Early Growth Abounds (Shoman 小満)
Silkworms Start Eating Mulberry Leaves (Kaiko okite kuwao kuu 蚕起食桑)May 21-25
Safflowers Bloom (Benihana sakau 紅花栄) May 26-30
Barley Ripens (Bakushu itaru 麦秋至) May 31-June 5
<Calligraphy by Chieko>
Barley Ripens
When the loudspeakers in our neighborhood blared the song “Seven Baby Chicks” at 5pm, it was time to return home for dinner:
Crow, why do you caw so?
Because up in the mountain
I have seven adorable baby chicks…
I really disliked this song because I always wanted to play outside longer and had very little interest in going home to eat. Decades later, I was amused whenever my nephews and nieces fell asleep at the dinner table because it confirmed that apathy for eating ran deep in my family during infancy.

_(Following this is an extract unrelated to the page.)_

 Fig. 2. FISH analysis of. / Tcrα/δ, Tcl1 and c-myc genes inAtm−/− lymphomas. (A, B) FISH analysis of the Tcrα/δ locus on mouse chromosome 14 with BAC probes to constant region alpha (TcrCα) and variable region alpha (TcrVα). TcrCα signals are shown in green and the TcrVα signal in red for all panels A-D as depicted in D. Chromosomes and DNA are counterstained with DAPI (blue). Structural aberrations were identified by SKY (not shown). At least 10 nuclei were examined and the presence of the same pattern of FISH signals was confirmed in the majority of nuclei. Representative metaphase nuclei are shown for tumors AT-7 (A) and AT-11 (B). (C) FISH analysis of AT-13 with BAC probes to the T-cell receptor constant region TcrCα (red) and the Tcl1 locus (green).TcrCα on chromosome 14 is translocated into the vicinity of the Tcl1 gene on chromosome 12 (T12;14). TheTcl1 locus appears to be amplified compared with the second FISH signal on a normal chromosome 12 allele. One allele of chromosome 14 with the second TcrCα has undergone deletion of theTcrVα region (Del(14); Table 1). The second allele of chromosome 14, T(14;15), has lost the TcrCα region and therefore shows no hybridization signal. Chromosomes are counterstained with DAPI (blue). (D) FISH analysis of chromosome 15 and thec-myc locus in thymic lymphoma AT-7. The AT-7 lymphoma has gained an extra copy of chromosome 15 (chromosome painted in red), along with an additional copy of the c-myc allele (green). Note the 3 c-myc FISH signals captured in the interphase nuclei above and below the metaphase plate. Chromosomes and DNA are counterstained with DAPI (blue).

But occasionally I was excited about food, in particular when my mother made us barley rice, called mugigohan, which was a mixture of white rice and rolled barley. A rolled barley looks just like a whiter rolled oat and it is flat with a line running down the center. When I spotted these telltale faint brown lines mixed into the rice, I would exclaim with joy. I picked the barley out with chopsticks and popped them individually into my mouth to enjoy their chewy texture. “Mugi is healthy, but a politician once said it’s food for the poor people,” my mother would often say as we ate our mugigohan. This made me think that “politicians” are nasty if they were telling poor people what to eat.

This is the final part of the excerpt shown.